Stanford PhD candidate Jannicke Pearkes spends a lot of her time thinking about the ATLAS detector.
Usually, this is because she’s working on data analysis software for the giant detector, one of four multistory experiments studying particle physics at the Large Hadron Collider. But this past spring, it was for a different reason: art.
Pearkes has been working on the ATLAS experiment for about seven years, starting as an undergraduate. Part of her research has focused on a new section of the detector’s innermost tracker, currently being assembled at nearby SLAC National Accelerator Laboratory.
In addition to her research, Pearkes spent the last few months brainstorming, designing and assembling an art project she calls the “Disco-tracker” for a class at Stanford’s Hasso Plattner Institute of Design.
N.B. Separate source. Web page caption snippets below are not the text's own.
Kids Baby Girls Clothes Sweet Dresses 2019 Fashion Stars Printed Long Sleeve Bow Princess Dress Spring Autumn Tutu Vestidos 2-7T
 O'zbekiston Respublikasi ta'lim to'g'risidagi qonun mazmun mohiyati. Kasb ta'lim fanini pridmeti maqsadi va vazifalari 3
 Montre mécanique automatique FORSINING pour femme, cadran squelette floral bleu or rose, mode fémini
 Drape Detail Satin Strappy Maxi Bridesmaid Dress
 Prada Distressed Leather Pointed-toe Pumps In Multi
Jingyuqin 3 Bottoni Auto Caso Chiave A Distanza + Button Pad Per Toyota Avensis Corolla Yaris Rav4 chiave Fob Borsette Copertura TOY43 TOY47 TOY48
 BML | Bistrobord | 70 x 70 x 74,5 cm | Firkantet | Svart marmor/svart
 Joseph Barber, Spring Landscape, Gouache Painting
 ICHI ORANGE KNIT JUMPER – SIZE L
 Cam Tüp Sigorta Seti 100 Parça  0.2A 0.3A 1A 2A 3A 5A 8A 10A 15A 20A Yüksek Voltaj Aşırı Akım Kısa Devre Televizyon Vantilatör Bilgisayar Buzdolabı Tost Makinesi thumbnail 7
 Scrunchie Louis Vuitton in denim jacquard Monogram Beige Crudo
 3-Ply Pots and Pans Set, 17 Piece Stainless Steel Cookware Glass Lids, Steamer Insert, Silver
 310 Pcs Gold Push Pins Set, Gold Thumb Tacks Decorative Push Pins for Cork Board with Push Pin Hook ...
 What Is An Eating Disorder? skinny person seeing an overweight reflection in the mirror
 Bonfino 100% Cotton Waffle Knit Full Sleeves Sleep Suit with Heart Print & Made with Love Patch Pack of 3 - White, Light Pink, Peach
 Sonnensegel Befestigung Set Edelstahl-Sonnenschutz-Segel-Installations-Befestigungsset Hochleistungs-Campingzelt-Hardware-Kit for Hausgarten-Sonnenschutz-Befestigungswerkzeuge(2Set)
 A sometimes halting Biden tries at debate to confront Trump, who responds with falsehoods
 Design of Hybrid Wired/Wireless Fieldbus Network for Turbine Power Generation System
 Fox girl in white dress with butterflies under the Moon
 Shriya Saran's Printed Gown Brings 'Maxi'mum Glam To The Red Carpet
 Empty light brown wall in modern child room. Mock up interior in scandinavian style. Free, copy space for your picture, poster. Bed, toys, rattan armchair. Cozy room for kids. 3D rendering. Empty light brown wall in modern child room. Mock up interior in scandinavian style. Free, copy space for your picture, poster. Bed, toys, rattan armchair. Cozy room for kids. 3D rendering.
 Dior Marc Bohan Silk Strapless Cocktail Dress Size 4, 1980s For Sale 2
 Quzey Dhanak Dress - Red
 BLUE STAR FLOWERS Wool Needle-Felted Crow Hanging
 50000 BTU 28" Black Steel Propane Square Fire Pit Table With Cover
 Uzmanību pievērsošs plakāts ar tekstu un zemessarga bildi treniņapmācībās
The class is meant to give PhD students from various disciplines experience using principles of design thinking, a problem-solving process that centers the needs and aims of an audience in developing solutions through creative thinking, prototyping and testing.
“I kind of signed up for it on a whim,” Pearkes says. “The idea was to push your boundaries in terms of creative thinking about your research.”
With classmates, Pearkes brainstormed ideas for a project related to the ATLAS experiment. Possible ideas ranged from the educational—such as persuading a student to pursue a PhD and explaining the ATLAS detector to a non-scientist—to the more fantastical—such as designing a cult centered on the Higgs boson.
When Pearkes explained the ATLAS inner tracker to her classmates, she described it as a giant cylindrical disco ball. Thus the idea for a “Disco-tracker” art installation was born.
“We ranked those [ideas] from what was most fun for the world to what was least fun for the world, and the giant disco ball won out,” Pearkes says.
The real ATLAS inner tracker, which will lie at the center of the 7,000-ton ATLAS detector, is more than 6 feet high and 20 feet long. It is made up of multiple layers of concentric cylinders with silicon sensors, which are the very first part of ATLAS to actually “see” particles produced during collisions.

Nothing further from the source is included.